The trick, he says, is to correlate the log and clickstream information generated by the Web site with the customer files. Though the online staff has been able to grab that information for some time, it wasn’t easy. Doing so required manually matching files, which was time-consuming and prone to errors.

That’s why in 2001, the online team started evaluating more automated approaches, such as data mining and analytics (or business intelligence). After considering outsourcing the project and building its own data warehouse, WSJ Online signed up with data-mining and analytics provider digiMine in December of last year. The goal was to have a data infrastructure ready for WSJ Online’s relaunch on January 28, 2002.

digiMine delivered on time, and the company’s services are now helping Larsen and his team better understand how the site is performing and devise improvements. WSJ Online’s department heads and marketers now have access to analysis that helps them identify which customer groups are worth spending marketing dollars on. They can also determine the best pricing models. The point, of course, is to boost the bottom line.

“When we started this process, we were looking at the return-on-investment factor,” says Larsen. “Making better marketing-spend and pricing decisions definitely justifies the investment here.”

What’s in the Data?

Many of the underlying technologies that WSJ Online is now benefiting from—data-mining algorithms, data modeling, data cleansing, and even analytics techniques like online analytical processing (OLAP)—have been around for decades, but only now have companies seriously put them to work on corporate data.
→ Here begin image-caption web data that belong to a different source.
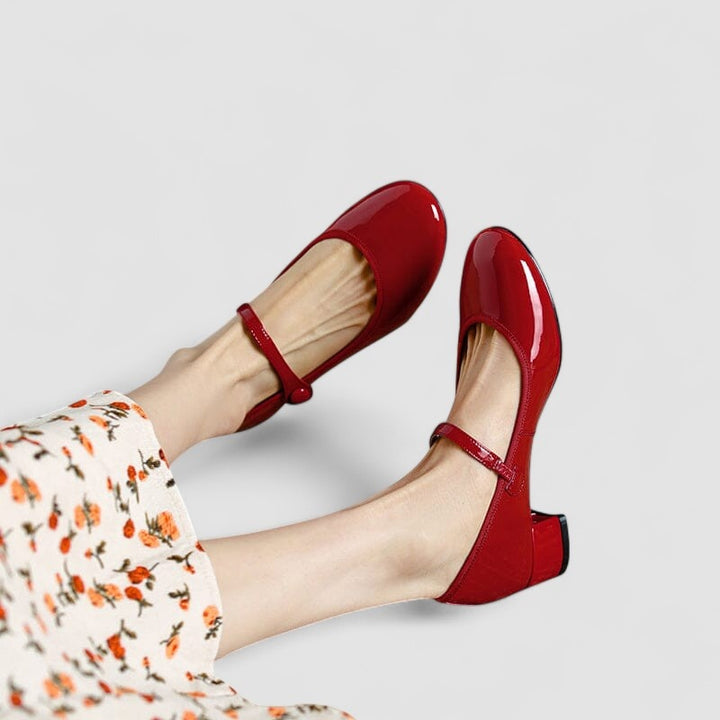 Harper | Women's Patent Mary Jane Shoes with Block Heel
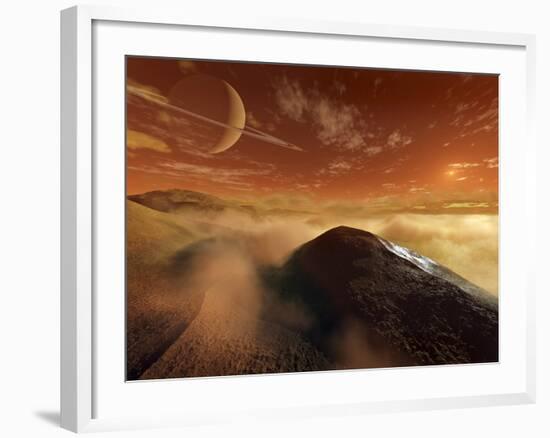 Dark Dunes are Shaped by the Moon's Winds on the Surface of Titan-Stocktrek Images-Framed Photographic Print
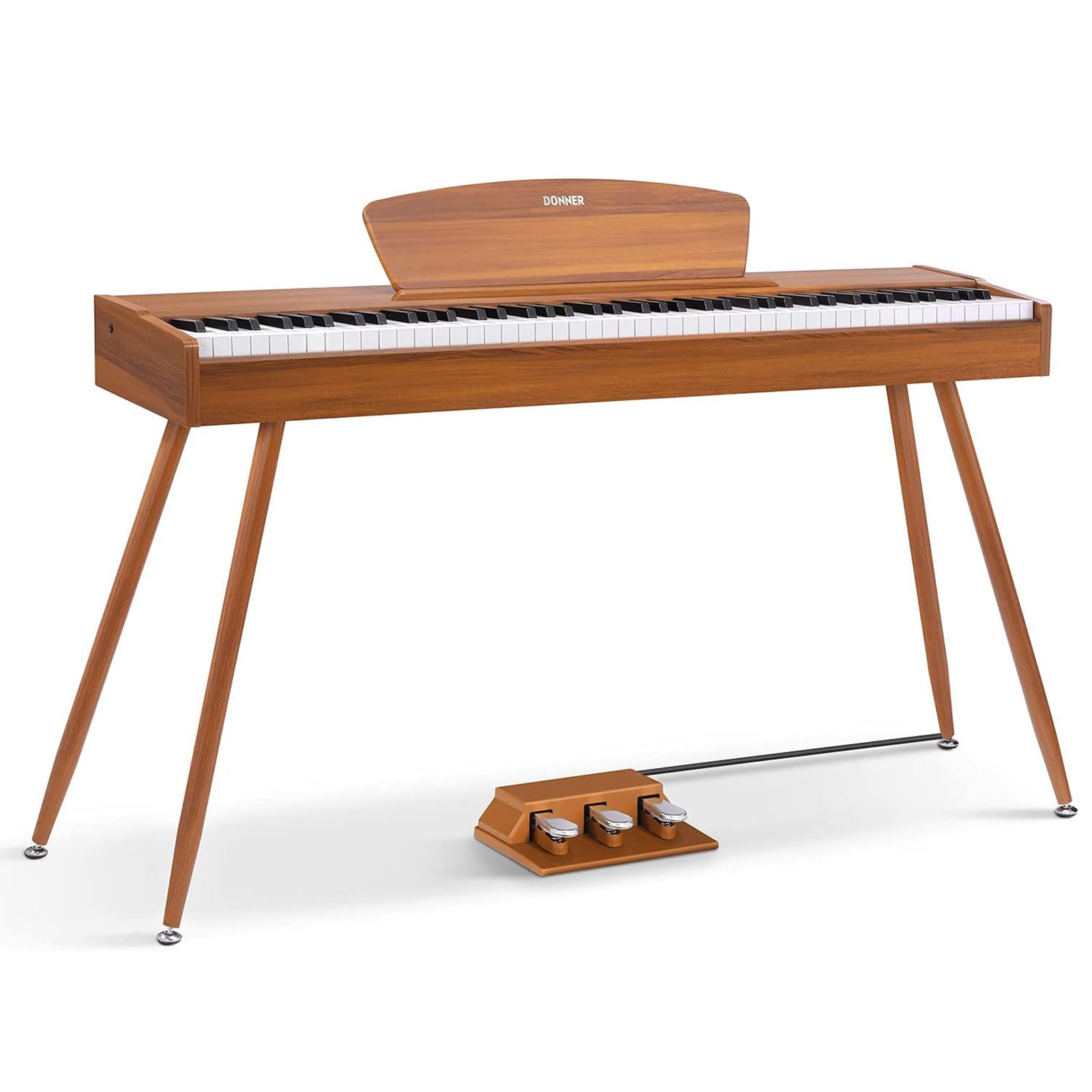 Donner DDP-80 PLUS Digital Piano 88 Key Weighted Keyboard, Home Electric Piano, Supports USB-MIDI & Headphones Connection, Semi-open Cover Designed, with Metal Three Pedal, Power Adapter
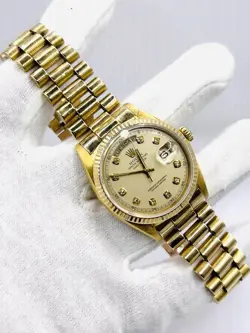 ROLEX DAY-DATE 36MM 1803 CHAMPAGNE DIAMOND DIAL PRESIDENTIAL BRACELET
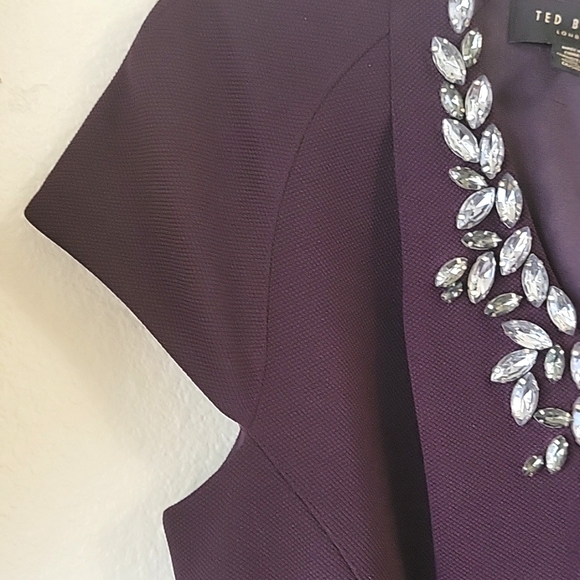 Ted Baker London Nuada elegant romper in rich purple, jeweled neckline size 2 - Picture 8 of 16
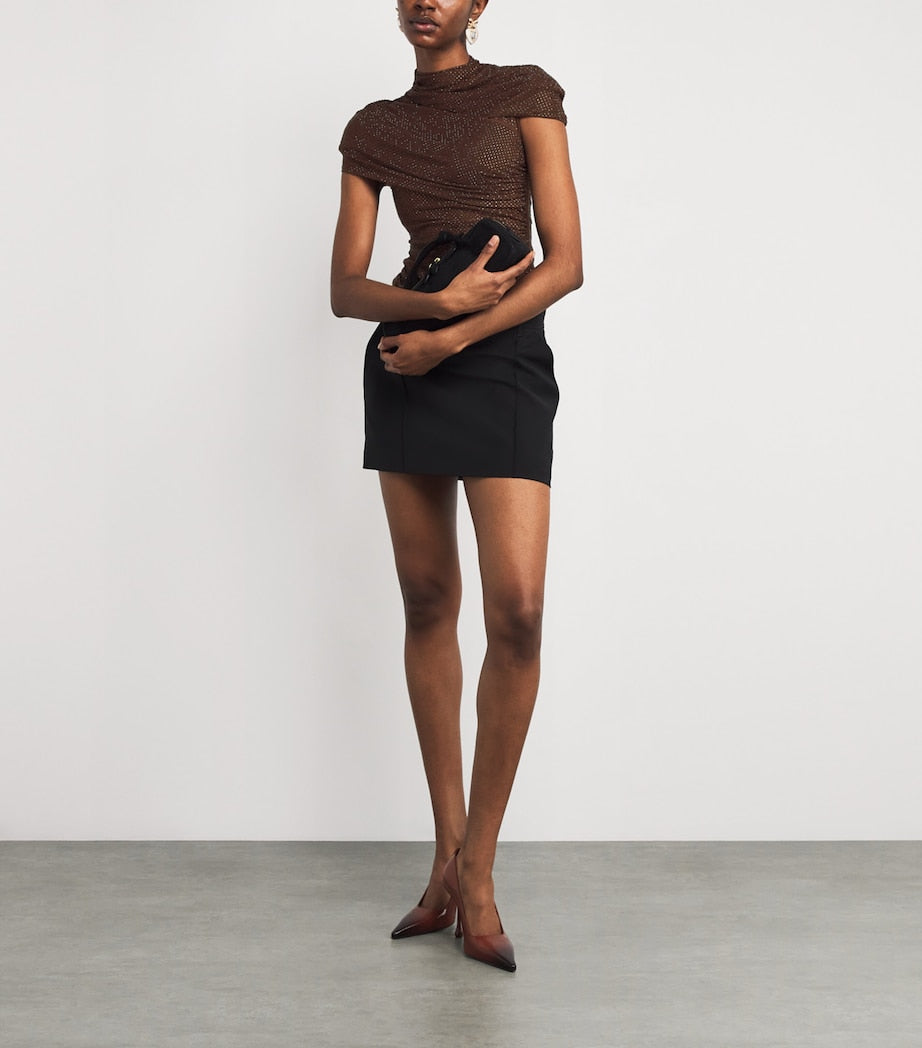Self-Portrait Brown Embellished Draped Top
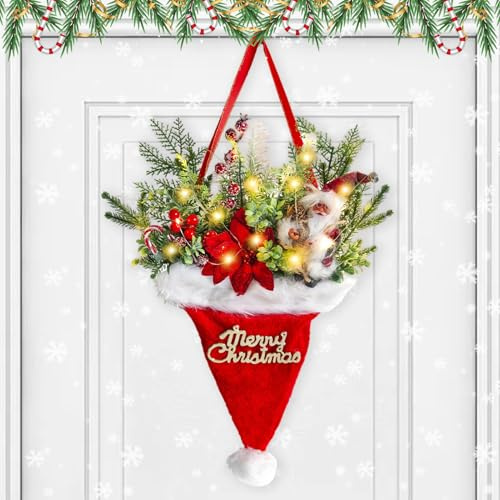 Türkranz Weihnachten Beleuchtet, Weihnachtskranz Haustür mit Batterie LED, Weihnachtsdeko Adventskranz Weihnachtsschmuck Tür Türschmuck Weihnachten Weihnachtstürkranz für Haustür Wand Fenster (a)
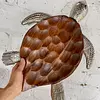 Bandeja Tallada En Madera Con Forma De Tortuga India 1990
Having spent much of the 1990s busily building Web sites and installing software for enterprise resource planning, customer relationship management, and sales-force automation, companies are finding themselves awash in more data than they ever dreamed of. The result is more data and a growing need to understand its implications for business, especially during tough economic times.
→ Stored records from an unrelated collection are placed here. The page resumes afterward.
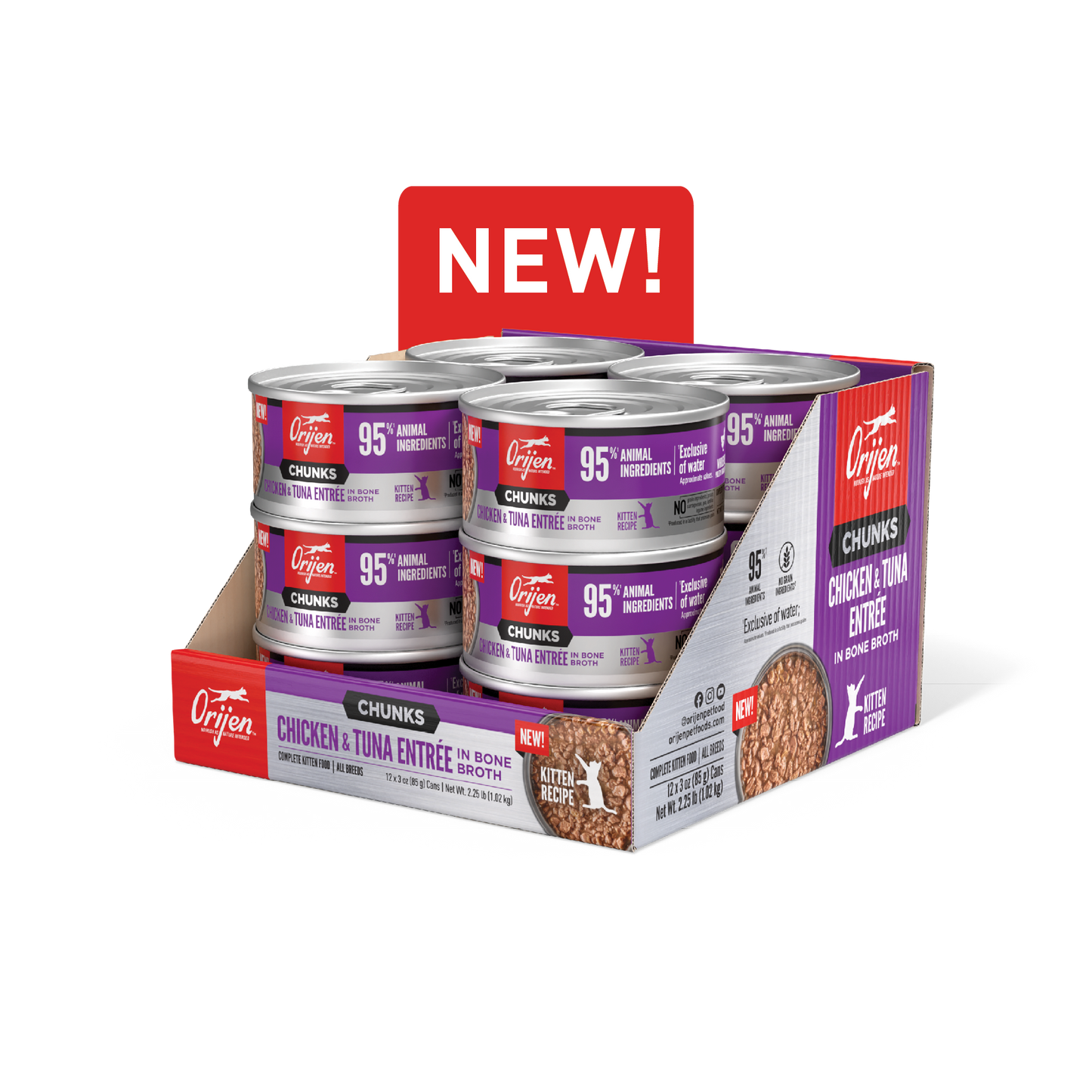 Orijen Kitten Chicken & Tuna Chunks & Shreds Wet Food Can 12 x 85g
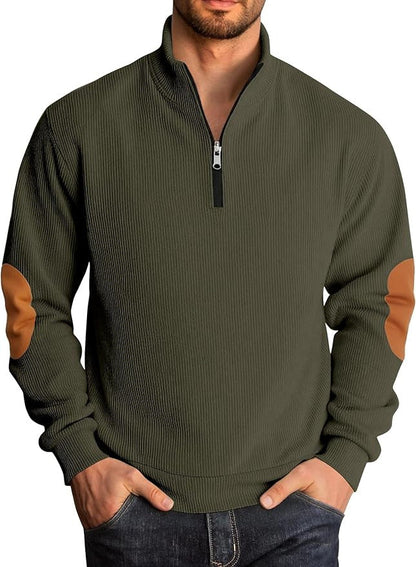 Herren Pullover Hochkragen Kontrast Ellbogenpatches Modern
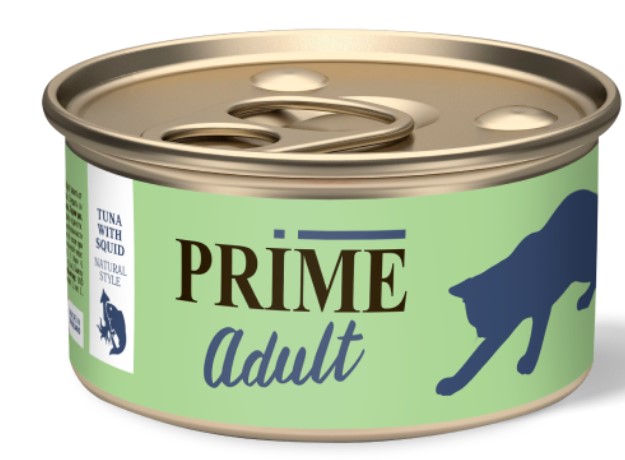 Консервы для кошек PRIME Adult Cat в собственном соку (тунец, кальмар) (70 гр)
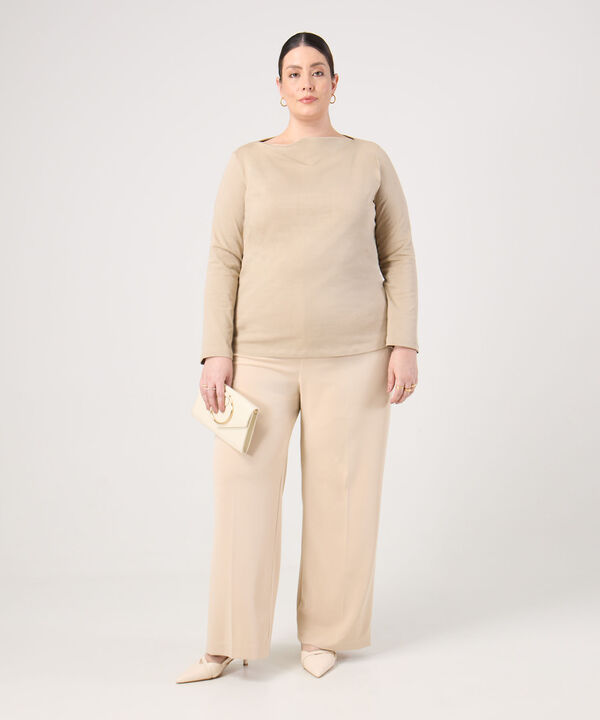 Pantal&oacute;n Fluido Unicolor Para Mujer Curvy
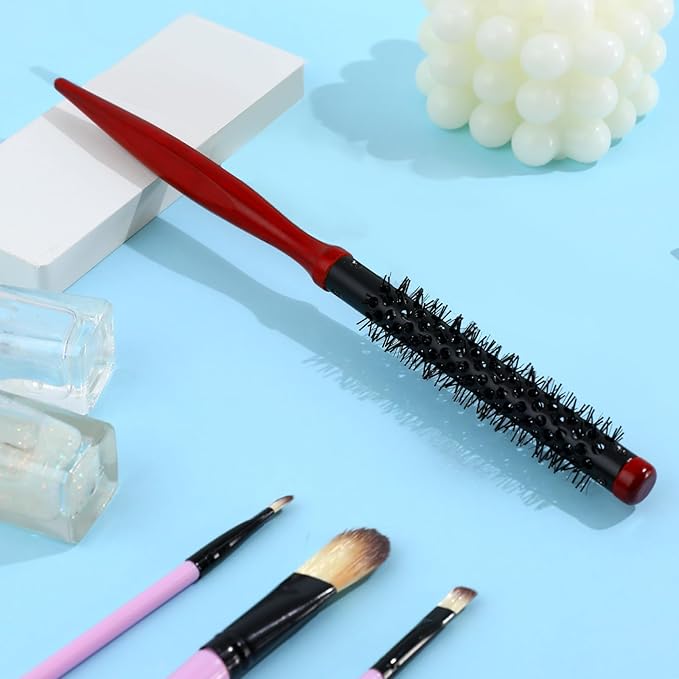 Mini Quiff Roller Brush for Blow Drying and Curling - 1/2 Inch Portable Travel Brush with Wooden Handle and Nylon Bristles for Styling Short, Fine Hair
Data Mining: Dig, Discover, and ShareMany companies are folding formerly separate Web entities back into their cores, which is assisting in merging online and off-line data, especially customer-related data, says Anne Milley, director of analytical strategies at SAS, an analytics software firm. Businesses are also more comfortable with data mining and analytics today than they were five years ago. “Companies aren’t as scared or skeptical of data mining as they once were,” says Jeff Jones, director of strategy for IBM’s data management solutions. “In the last three to four years, the levels of familiarity with these concepts and technologies have increased—as has the level of sophistication.”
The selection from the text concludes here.